I feel that the impetus of the arts scene in Philly is one of absolute possibility. There’s a lot of pluck and nerve, as well as curiosity among Philly artists. I also find the community unbelievably tight and strong. The spirit of doing, the closeness of artists across disciplines combined with the relatively low cost of living make Philly ideal for experimentation and making. I have been blown away by the number of opportunities I’ve had here, as well as the support
of and interest in my work.

You’ve cited the work of 70s-era American comedians and their ability to “crack open dangerous truths” as a source of inspiration. What truths are you interested in uncovering as an artist? And what do you hope audiences take away from experiencing your work?

If I had to pare down what I hope are myriad interests of mine into an essential question, I’d have to say I’m most interested in paradox, the ways in which we act against our own interests.
I guess I articulate these inconsistencies of ours as lies, so the truths are the paradoxes we shun, but with which we nevertheless live. I think humor has the incredible gift of allowing us to both confront and celebrate our paradoxical natures, as opposed to deliberately overlooking them out of a sense of shame. If I hope the audience takes anything away (besides a desire to return and see something else), I hope it’s the capacity to recognize and speak to these paradoxes.

How does your approach shift as a performer when acting as an interpreter of others’ work versus a creator of original material? What is constant for you in either role?

I don’t think it should be different, but I’m afraid it tends to be. Things one makes oneself come from inside and bubble out. There’s a way everything articulated in such work is germane to who I am—performance or not—so there’s a natural flow and confidence in the material.
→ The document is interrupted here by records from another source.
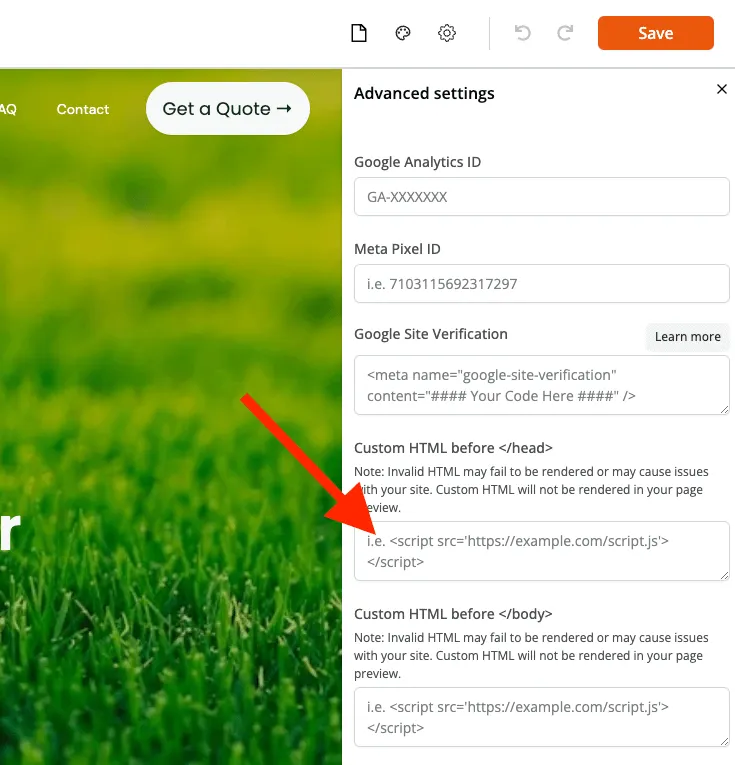 Custom HTML before head field in Zipper Advanced Settings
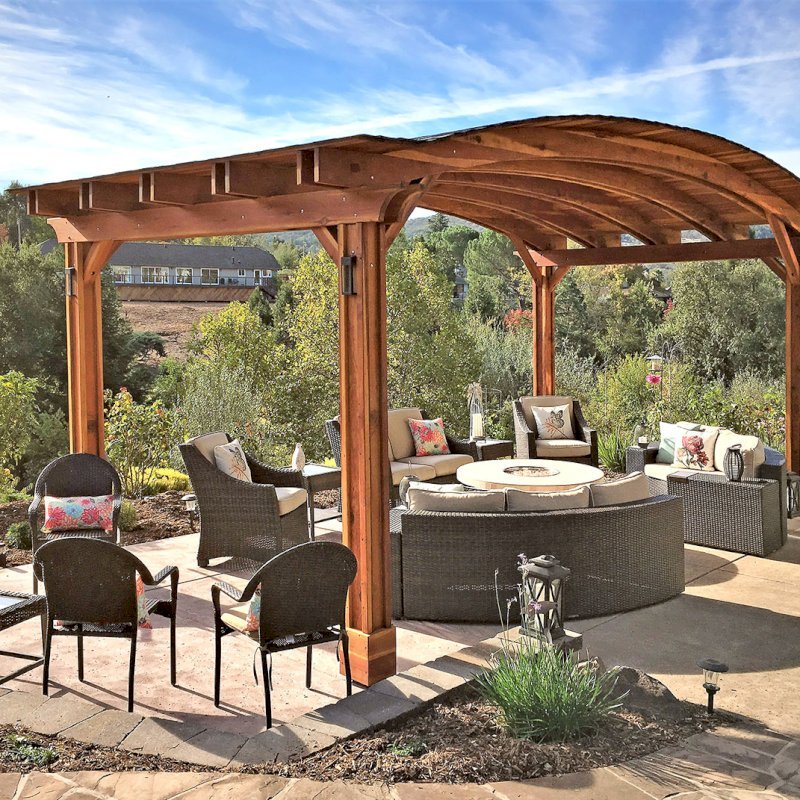 Backyard Pavilion Kits (Options: 12' L x 22' Arc W, California Redwood, No Electrical Wiring Trim, 4 Post Anchor Kit for Gale-Wind, No Ceiling Fan Base, No Privacy Panels, No Curtain Rods, 9.5 ft Post Height, Transparent Premium Sealant). Photo Courtesy of S. Bell of Santa Rosa, CA. Backyard Pavilion Kits (Options: 12' L x 22' Arc W, California Redwood, No Electrical Wiring Trim, 4 Post Anchor Kit for Gale-Wind, No Ceiling Fan Base, No Privacy Panels, No Curtain Rods, 9.5 ft Post Height, Transparent Premium Sealant). Photo Courtesy of S. Bell of Santa Rosa, CA.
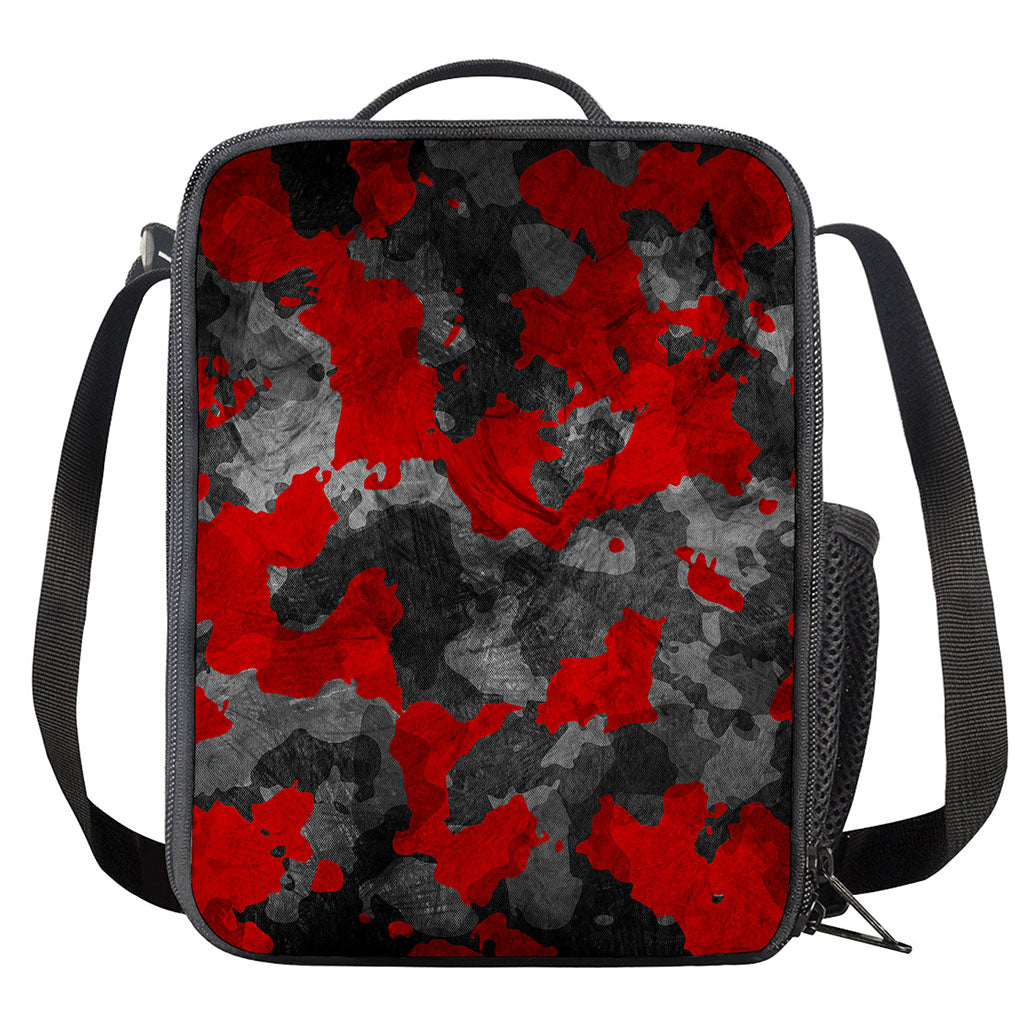 Black And Red Camouflage Print Crossbody Lunch Bag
When I’m interpreting the work of someone else, there’s a necessary separation that I fear compromises the work. In those cases, I work harder as a performer to conquer my own ego in order to support the piece the lead artist wants to make.

What single ethical consideration most impacts the decisions you make as an artist?

If I were to be perfectly honest, can what I’m doing at all change things? If not, how might it?

What was the first work of art that really mattered to you? Did it influence your approach to your work?

“Purple Rain,” both the album and the movie. My cousin and I rocked out to and sang that album at full volume whenever we could. I remember begging my parents to let me see the film as I felt a real affinity, a real kinship to Prince. I finally got to see an edited version and it was worth the fight. I think the style, the attitude, and the music had quite an impact on me—one that’s not exactly identifiable, but I nevertheless feel it spiritually.

What music are you listening to and/or which books are on your bedside table?

I’m deep in research for a piece right now, so I’m reading Ned Sublette’s “The World that Made New Orleans: From Spanish Silver to Congo Square” and “The American Slave Coast: A History of the Slave Breeding Industry.” Besides Sublette, there’s Eugene D. Genovese’s “Roll, Jordan, Roll: The World the Slaves Made,” “Warfare in the American Homeland: Policing and Prison in a Penal Democracy [Joy James, editor],” Michelle Alexander’s “The New Jim Crow,” and Sven Beckert’s “Slavery’s Capitalism: A New History of American Economic Development.” A new album I’m about to listen to is Frank Ocean’s “Blond(e).”

If you could collaborate with anyone alive today, who would it be?

A partial list in alphabetical order: Andre 3000, Aziz Ansari, Angela Davis, Viola Davis, Branden Jacobs-Jenkins, Jim Jarmusch, Kendrick Lamar, Young Jean Lee, Kate McKinnon, Steve McQueen, Janelle Monáe, Fred Moten, Michelle Obama, RuPaul, Hank Willis Thomas, Carrie Mae Weems, Jesse Williams, and Serena Williams.